Audio music content-----
They feature 7 varnams in 7 raagas sung by 5 young professional singers who received training for more than 15 years. They are all set to Adi taala. Measuring the intonation variations require absolutely clean pitch contours. For this, all the varṇaṁs are recorded without accompanying instruments, except the drone.
Taala annotations-----
The recordings are annotated with taala cycles, each annotation marking the starting of a cycle. We have later automatically divided each cycle into 8 equal parts. The annotations are made available as sonic visualizer annotation layers. Each annotation is of the format m.n where m is the cycle number and n is the division within the cycle. All m.1 annotations are manually done, whereas m.[2-8] are automatically labelled.
Notations-----
The notations for 7 varnams are procured from an archive curated by Shivkumar, in word document format. They are manually converted to a machine readable format (yaml). Each file is essentially a dictionary with section names of the composition as keys. Each section is represented as a list of cycles. Each cycle in turn has a list of divisions.
Possible uses of the dataset-----
The distinct advantage of this dataset is the free availability of the audio content.
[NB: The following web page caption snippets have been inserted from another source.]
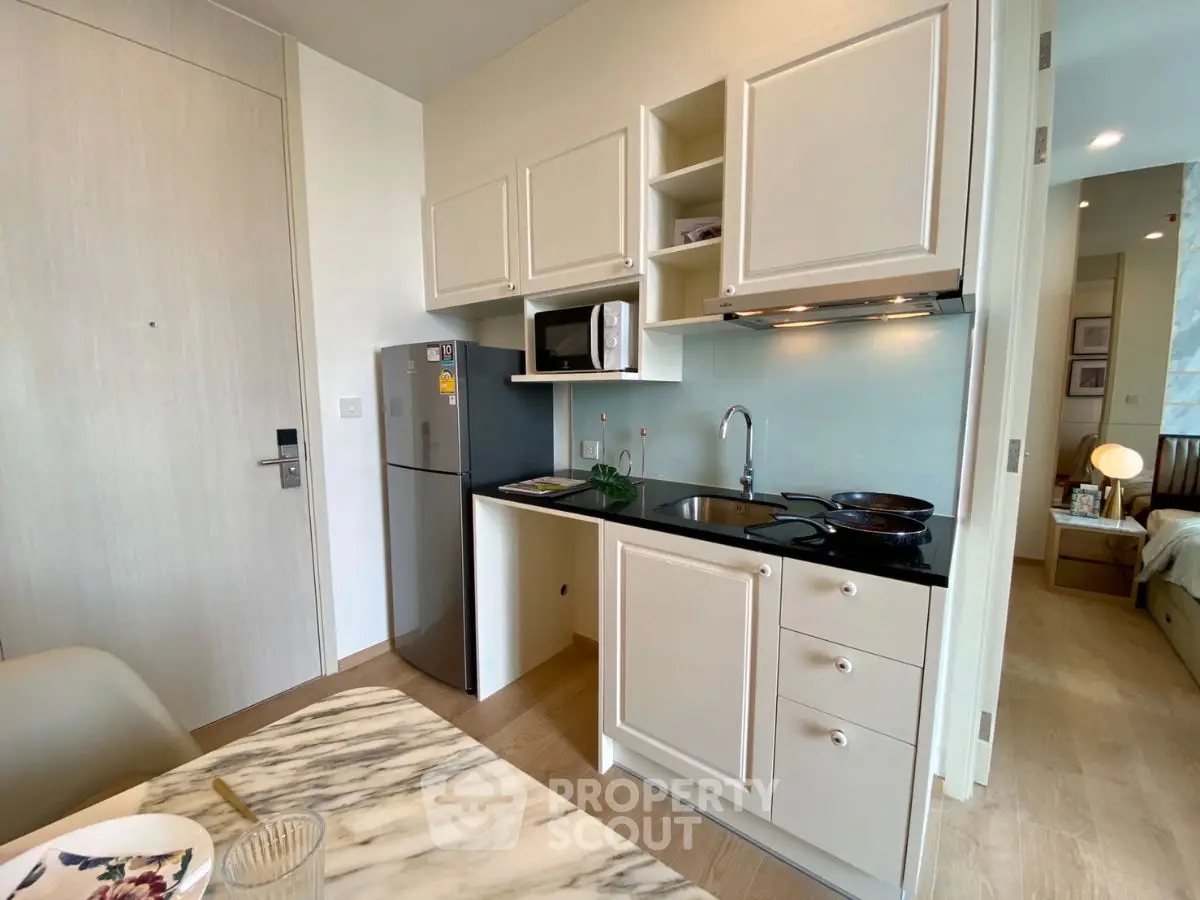 Modern compact kitchen with sleek cabinetry and dining area in stylish apartment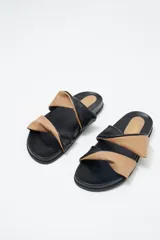 Sandalias planas con base negra y dos tiras anchas superiores, una color beige y otra negra, con efecto arrugado.
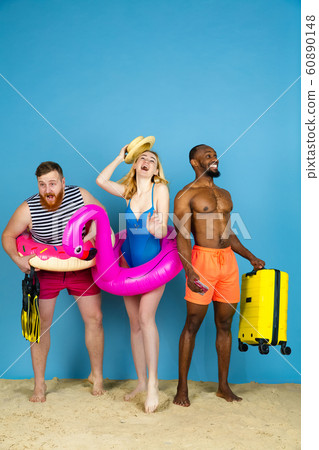 Happy young friends resting on blue studio background 60890148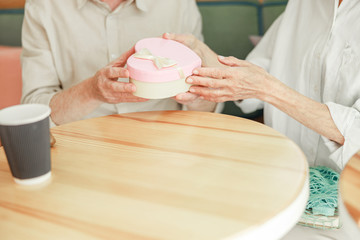 Elderly man giving cute gift box to his wife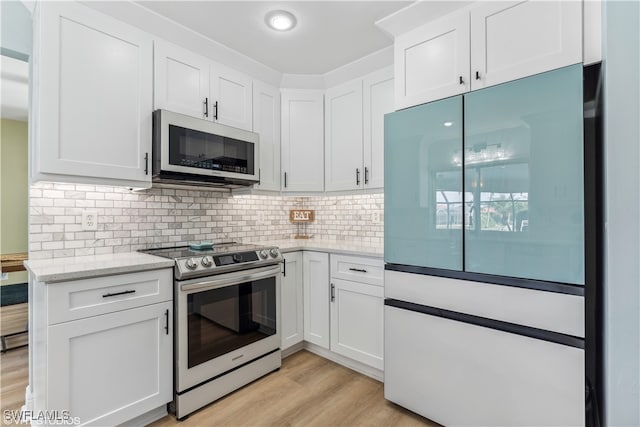 kitchen with stainless steel electric stove, light hardwood / wood-style flooring, white refrigerator, white cabinets, and light stone countertops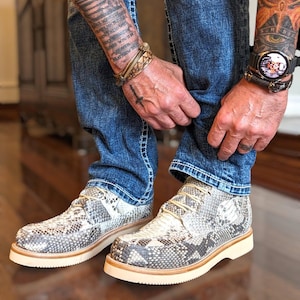 May include: A pair of brown and white snakeskin boots with white laces. The boots have a thick white sole and are being worn by someone in blue jeans.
Along with the annotations, it can be used for melodic analyses: characterizing intonation, motif discovery and tonic identification. The availability of a machine readable notation files allows the dataset to be used for audio-score alignment.
Carnatic varnam dataset is a collection of 28 solo vocal recordings, recorded for our research on intonation analysis of Carnatic raagas. The collection has the audio recordings, taala cycle annotations and notations in a machine readable format.